Patrick Drahi, the owner of European telecoms group Altice, has revealed the company will not bid for Time Warner Cable, as was recently reported in the media. He said this is because his company lacked management resources to digest such a big deal in a market it had only recently entered, Reuters report.
"I didn't follow up on the exchanges we had on Time Warner Cable (TWC) that were mentioned in the media because we were not ready," Mr Drahi told a French parliamentary hearing today (May 27th). He said a deal would have been too much to take on: "We make quick choices and we are ambitious but I won’t grow in a bulimic way and risk the future of my company."
People familiar with Altice’s thinking told the Financial Times last week that Mr Drahi had been serious in his pursuit of TWC, the second-largest US cable group behind Comcast.
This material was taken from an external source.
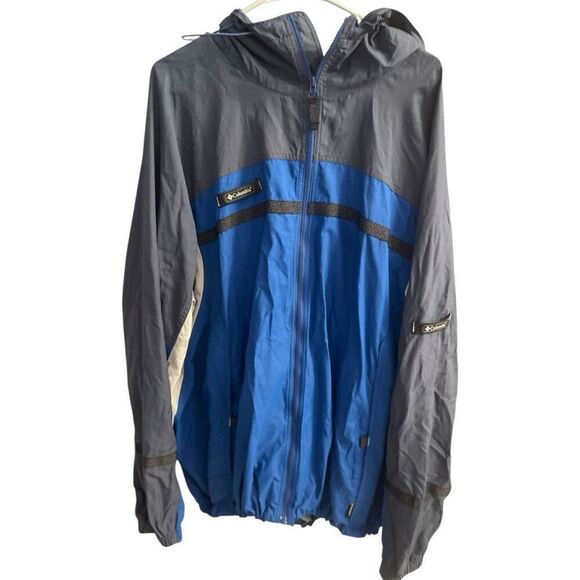 Columbia Big & Tall Packable Vented Zip Up Windbreaker Jacket Size 3XL - Picture 2 of 7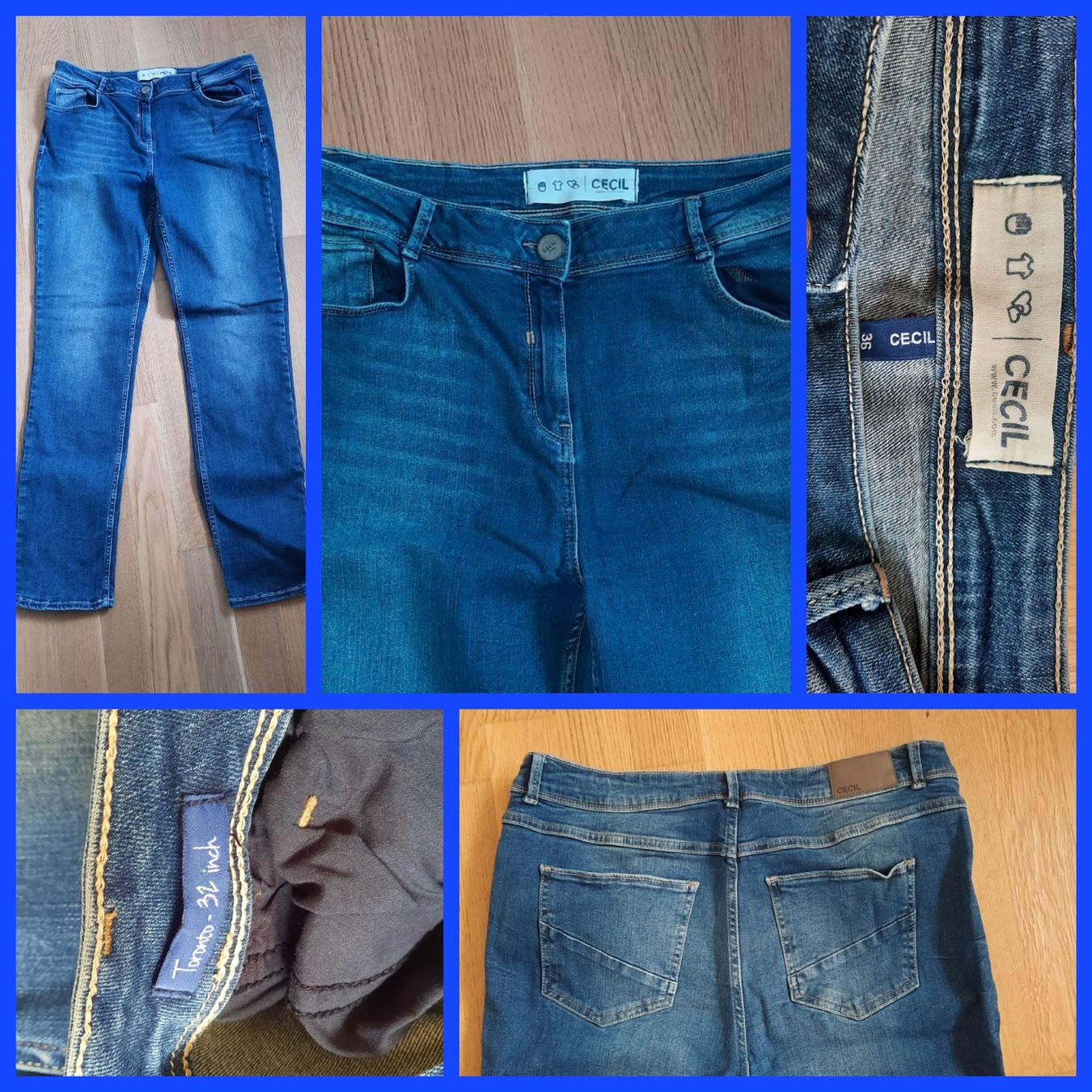 Cecil Jeans: ***CECIL*** Jeans Toronto Gr. 36/46 – Usato da Wädenswil venduto da H2H_Secondhandshop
They said Altice had lined up financing from banks to support a possible bid.
Altice on a deal spree
Instead, US number three cable group Charter Communications agreed yesterday to buy TWC for $56 billion (£36.5 billion).
Altice has bought several telecom and cable companies in a 36-billion-euro deal spree in the past 18 months. It has recently purchased US regional cable firm Suddenlink Communications for $9.1 billion. The company is planning to earn half of its revenue in the United States in a bid to diversify risk.
The group is the parent company of French cable operator Numericable, and has already invested in 2014 in daily newspaper Libération. Patrick Drahi also masterminded Numericable's acquisition of larger mobile rival SFR and is in the process of acquiring Portugal Telecom.
Since it first listed last year, Altice’s share price has gone up 320 per cent and the group has a market capitalisation of just under €30 billion.